Mudge Island can only be accessed by boat or float plane, there is no ferry service to the island, and there are no stores.  However there is internet service, power, cable and telephone which is something that makes Mudge unique.  The island has a private marina that is available to members of Moonshine Cove Marina.  Other resident and visitors arrive and depart the island by boat generally by using a number of public accesses.  The island has a network of gravel roads which allows access to most parts of the island.

 

Mudge has some of the most interesting waters around it, on the northern tip is Dodd Narrows. 

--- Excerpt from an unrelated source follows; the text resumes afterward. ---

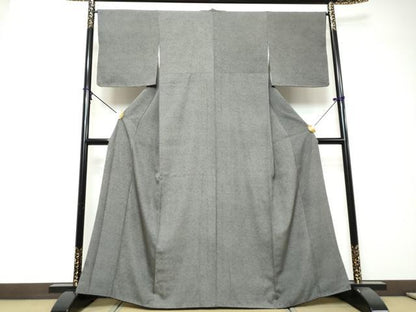 平和屋着物●高橋隆志　江戸小紋　幾何学花尽くし文　黒地　正絹　逸品　DABI9472ud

Currents can ebb and flow thru the Narrows at up to 9 knots, causing many whirlpools and back eddies.  A new park for Mudge Island was created at Dodd Narrows in 2016 and it is a favourite spot for many Mudge Islanders to view the rushing waters, to watch boaters of all shapes and sizes navigate the narrow channel or to see boats jockey for position as slack tide approaches.  Word quickly goes out around the island when a pod of whales is spotted approaching Dodd.

 

Lying between Mudge and Gabriola is False Narrows and as it’s name implies there is a reef running thru it that has caused much distress to unwary boaters.

 

Another favourite spot on Mudge is the park at the south end of the island, usually referred to as South Beach or Link Beach.  Looking east from the beach you have a great view of Valdez Island, Gabriola Pass and the mountains of the mainland.  Looking west you see the village of Cedar on Vancouver Island.

 

Mudge and its surrounding waters is a beautiful place,  a little piece of west coast paradise.